Kayseri’de bilinen ilk Ermeni kilisesi 1191 yılında Surp Krikor ismiyle bilinir. Varlığını 17. yüzyıla kadar korumuş olan bu kilise 1653’te aynı şekilde karşımıza çıkar. Yüzyıllar boyu onarılarak ve yeniden inşa edilerek günümüze kadar ulaşan kilise budur.
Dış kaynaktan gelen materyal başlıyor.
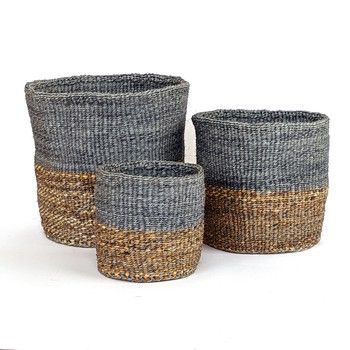 Basket-Sisal/Banana Fiber-Grey S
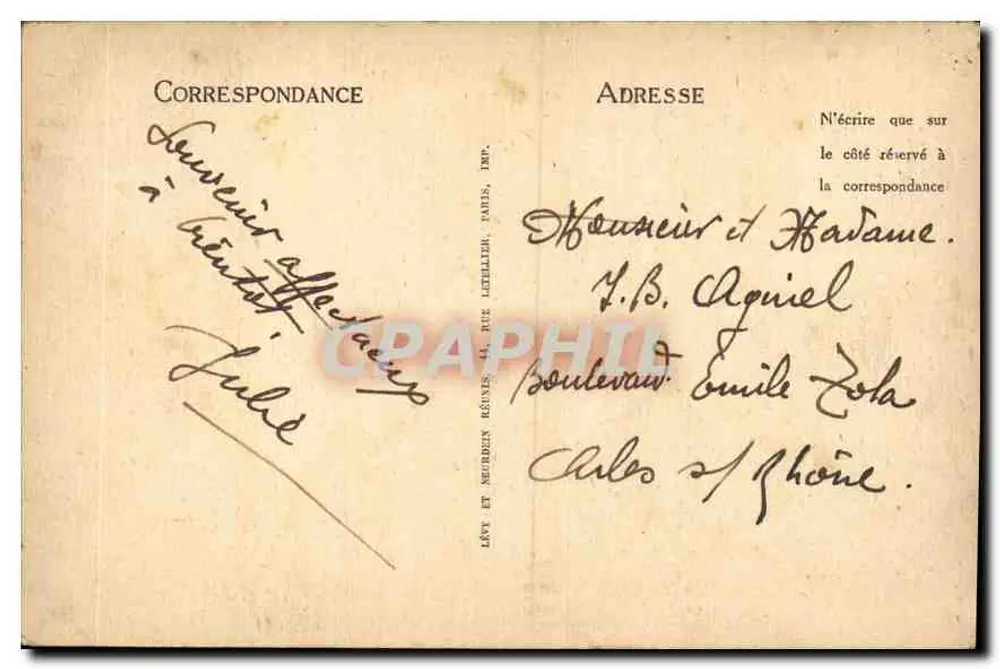 Marseille - A Corniche - O Profeta - LL 173 - Verso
19. yüzyılın ilk yarısında harab olmuş veya yıkılmış olan bu kilise, 1859’da yeniden inşa edilir. Bu inşaat işinde herkes tarafından sevilen bir esnaf olan Kevork Ağa Mındigyan önemli rol oynar ve arkadaşları ile beraber kilisenin gereksinimlerini adilane bir şekilde karşılar. Tüm pastırma tüccarları, zanaatkarlar ve esnaf başlıca destekçileridir. Büyük bir şevkle çalışıp, işi kısa zamanda bitirirler. 1875’te vefat eden Kevork Ağa avluya gömülür. Kilise’nin iç sıvası ve altın varak kaplaması ise 1903’te yapılır.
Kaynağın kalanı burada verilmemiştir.